Bermudian police officers were called in by RCIPS Commissioner David Baines to probe the death of Police Constable Raphael Williams in January.
PC Williams was arrested on Thursday, Jan. 9 on suspicion of blackmail and breach of trust. He was released on bail the following day. Mr. Williams’s body was discovered on Jan. 12 in the Colliers area of East End.
An initial police investigation determined there were no suspicious circumstances surrounding his death.
“It is normal practice in the U.K., and in other jurisdictions, that such circumstances would be subject to independent review,” said Commissioner Baines.
A representative for Governor Kilpatrick’s office said last week that the release of the report will have to wait for the results of a coroner’s inquest into the death. The possible date for such a review was not clear at press time.

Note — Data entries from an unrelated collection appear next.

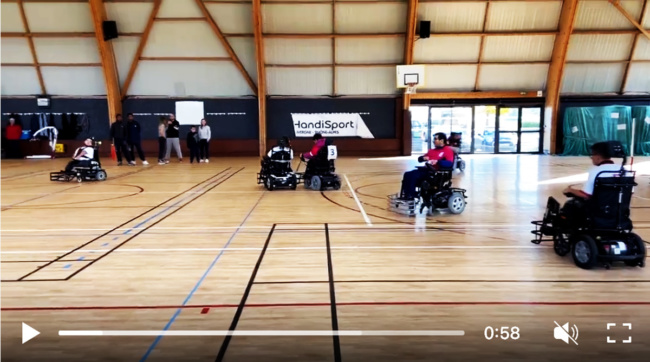 Challenge-sportif–AWABOT 1ère étape du Awabot Challenge Foot Fauteuil Électrique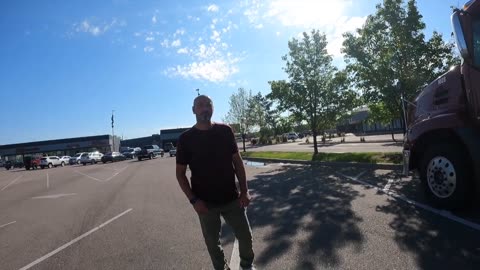 Man with a mobile hotel room/trucker bed sets a meet with young girl for adult fun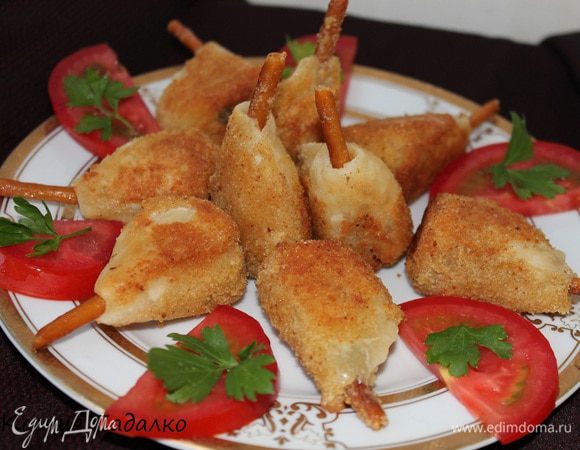 Подаем горячими, теплыми или холодными с любимым соусом или аджикой. Приятного аппетита!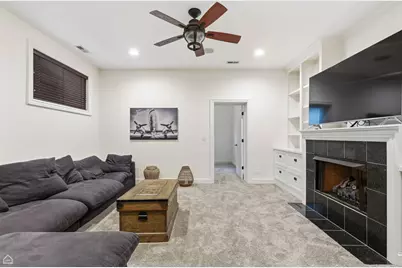 952 N Racine Avenue, Chicago, IL 60642 - Photo 33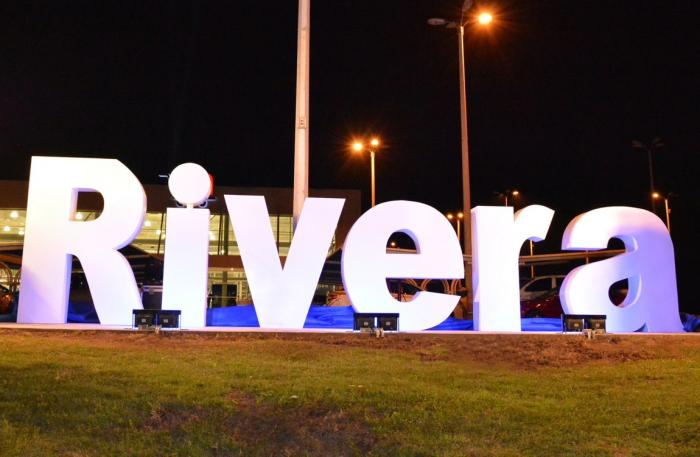 Letras corpóreas de Rivera Letras corpóreas de Rivera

Regarding another incident under police review, the governor’s office noted it expected a decision from the director of public prosecutions regarding the actions of Commissioner Baines in a New Year’s Day arrest outside a downtown jewelry store.
The off-duty commissioner, who was driving along North Church Street en route to meet friends coming off one of the cruise ships, came across a robbery in progress in the heart of downtown George Town. Three masked men had burst into a jewelry store just after 8 a.m. One held a gun to the head of the security guard while his accomplices smashed about 40 display cases and filled bags with up to $1 million worth of jewelry and watches, according to police.
As the men attempted to make their getaway, Commissioner Baines rammed their vehicle, preventing it from exiting the car park and then pursued them in his Chevrolet Trailblazer as they fled on foot.
Two of the suspects were pushed into a fence by the commissioner’s SUV. One of the two slipped under commissioner’s vehicle and suffered serious injuries.
“The use of force by any police officer has to be necessary, justified and proportionate, whatever the context and circumstances,” Mr. Baines said at the time. “I have assisted the investigating officers as fully as possible and will continue to do so until the [director of public prosecutions] has determined if my actions were warranted under the law or otherwise.”